I intended posting this last night but what with one thing and another it got delayed – along with today’s lunchtime read. But better late than never.
Having never read any Cormac McCarthy before the thing that strikes you is the style and the authority of voice. The narrator for most of the book is an old sheriff who is also one of the victims of the drug war. He feels forced to retire rather than continue to face his impotence.
Once Wells and then Moss are killed the story heads in a direction that was not predictable at the outset and you end up understanding that this is more about the single incident of the $2.4m dollars being taken and is a wider comment on the state of society.

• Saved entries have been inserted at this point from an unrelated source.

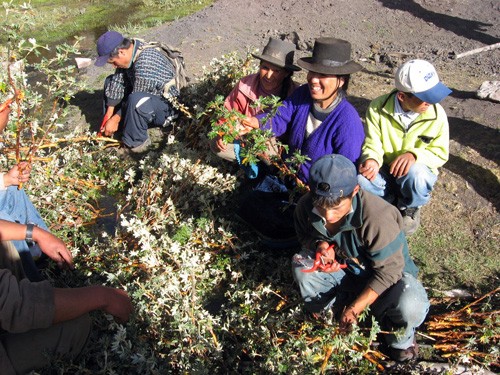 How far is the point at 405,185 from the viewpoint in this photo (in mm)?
3230

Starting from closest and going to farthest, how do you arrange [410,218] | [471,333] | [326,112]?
[471,333] → [326,112] → [410,218]

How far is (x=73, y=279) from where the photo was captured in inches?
142

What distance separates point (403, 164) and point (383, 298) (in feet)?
3.19

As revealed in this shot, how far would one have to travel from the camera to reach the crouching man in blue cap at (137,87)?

The final 100 odd pages of the book take you on a rollercoaster that throws your hopes and allegiances to the wind as the confident figure of Moss winds up being killed, his wife is shot for his stubborn refusal to hand over the money and there is even the suggestion that Chigurh himself might have suffered a fatal injury in a freak car crash.
All the time the sheriff Bell is always one if not more steps behind and watches with increasing depression the bodies stack up and the drugs keep crossing the border. In response he decides to quit and he struggles to come to terms with the fact that he has failed to keep away the criminals believing that were he a frightening enough prospect they would never have operated in his territory.
Things end with Bell retiring and seeking comfort in his wife after he has dutifully informed Moss’s father of his son’s death and tried to deal with the consequences of the killing spree.
Chigurh runs off with his head bleeding and his arm badly broken in two places leaving you wondering what becomes of the psychopath. But it is not really important if he lives or dies because there will be others to take his place. The power of the drugs business distorts the law, destroys society and is not the sort of crime that “old men” like sheriff Bell can deal with.